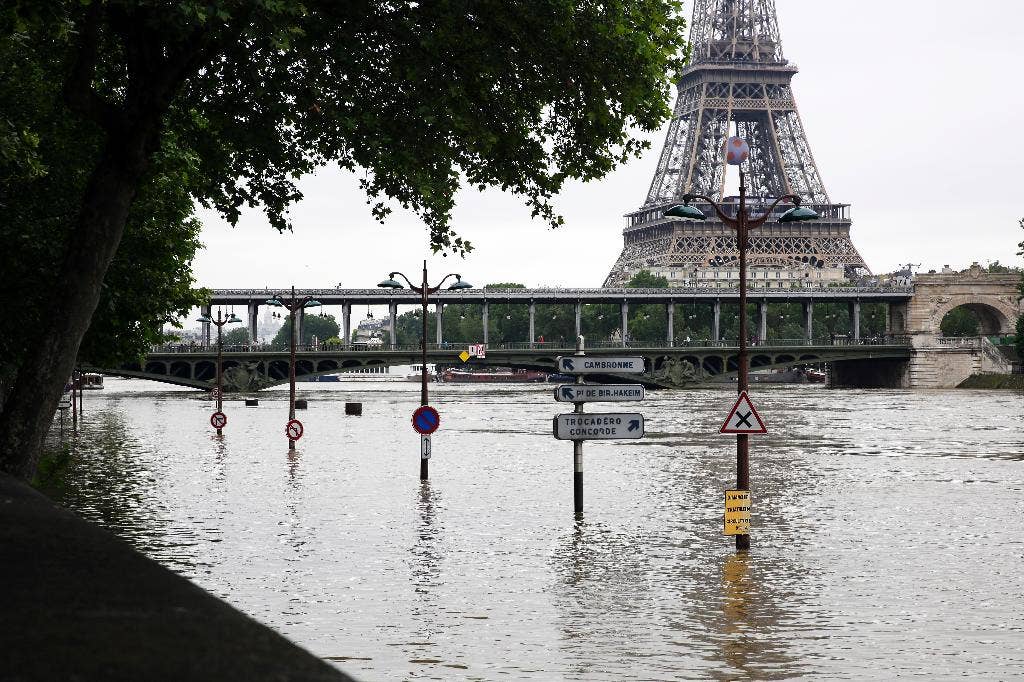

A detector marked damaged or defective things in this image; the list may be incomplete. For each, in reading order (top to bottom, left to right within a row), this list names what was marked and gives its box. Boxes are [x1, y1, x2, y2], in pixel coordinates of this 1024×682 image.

rusty metal pole [737, 169, 753, 552]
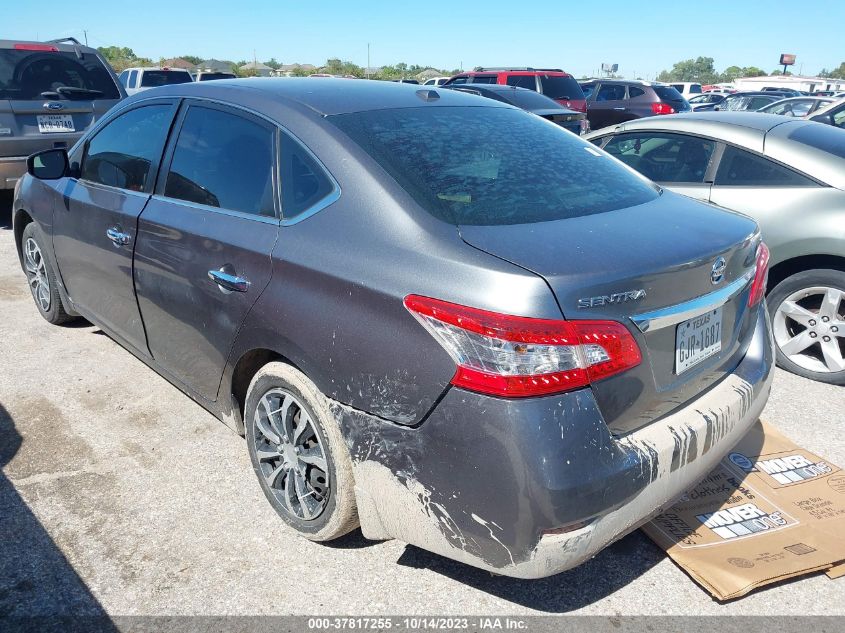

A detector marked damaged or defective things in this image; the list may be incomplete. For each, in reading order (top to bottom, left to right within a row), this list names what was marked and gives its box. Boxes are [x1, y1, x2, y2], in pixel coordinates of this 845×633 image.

scuff damage [326, 366, 768, 576]
damaged rear bumper [332, 306, 772, 576]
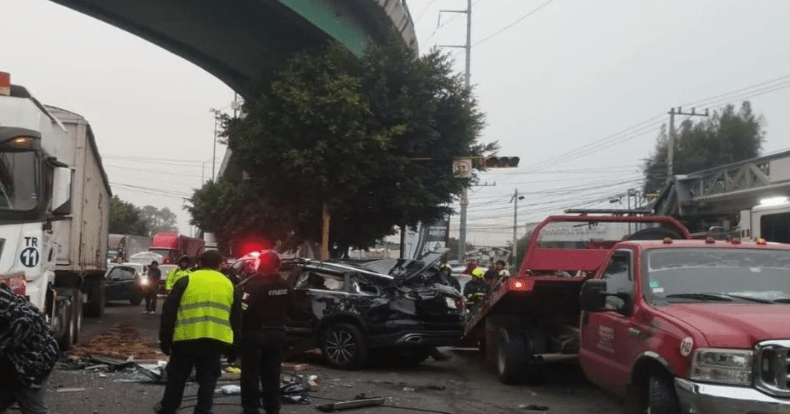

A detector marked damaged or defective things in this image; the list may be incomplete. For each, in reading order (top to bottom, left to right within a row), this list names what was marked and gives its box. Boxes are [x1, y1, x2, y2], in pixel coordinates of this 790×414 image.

black damaged suv [229, 252, 468, 368]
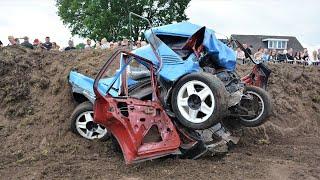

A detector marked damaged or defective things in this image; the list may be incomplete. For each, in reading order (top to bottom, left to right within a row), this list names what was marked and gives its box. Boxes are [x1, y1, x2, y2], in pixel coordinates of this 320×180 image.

wrecked car [69, 20, 272, 164]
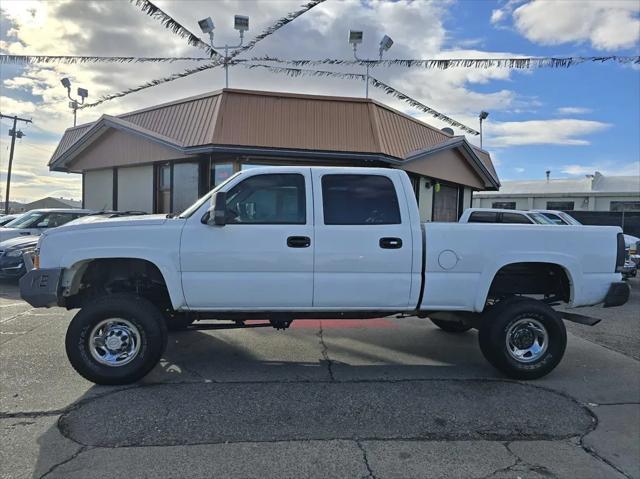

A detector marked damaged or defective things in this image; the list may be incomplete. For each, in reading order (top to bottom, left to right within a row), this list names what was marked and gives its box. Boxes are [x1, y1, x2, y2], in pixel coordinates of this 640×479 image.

_What is required_.
Without the pictures, retype the whole of the material above exactly.

_Exercise response_.
A detector marked damaged or defective things in this image; the list may be incomplete. For each, in reading order (top to bottom, left to right within a row), this list names what was marked and gives its box. Boxes are [x1, y1, x2, y2], in pixel coordinates of this 1024×682 image.

rusty metal pole [737, 169, 753, 552]

A detector marked damaged or defective things in this image; the list may be incomplete. For each, in reading order (top to bottom, left to right within a row), this list names what was marked and gives its box. Boxes are [x1, y1, x2, y2], in pixel coordinates of this 845×633 image.

scuff damage [326, 366, 768, 576]
damaged rear bumper [332, 306, 772, 576]

A detector marked damaged or defective things in this image; the list may be incomplete. For each, in reading order (top to bottom, left to right within a row), this list names what was marked and gives its box. Boxes are [x1, y1, x2, y2], in pixel coordinates of this 790×414 image.

black damaged suv [229, 252, 468, 368]

A detector marked damaged or defective things in this image; the list may be incomplete. For each, in reading order (top to bottom, left to right within a row), this list names what was marked and gives its box. Boxes are [x1, y1, x2, y2], in pixel coordinates of this 320×180 image.

wrecked car [69, 20, 272, 164]

A detector marked damaged or defective things in this image; the list may be incomplete. For each, in reading order (top to bottom, left to right within a row), this list names what was marked and gives its box. Boxes are [x1, y1, x2, y2], in pixel coordinates of this 640×479 image.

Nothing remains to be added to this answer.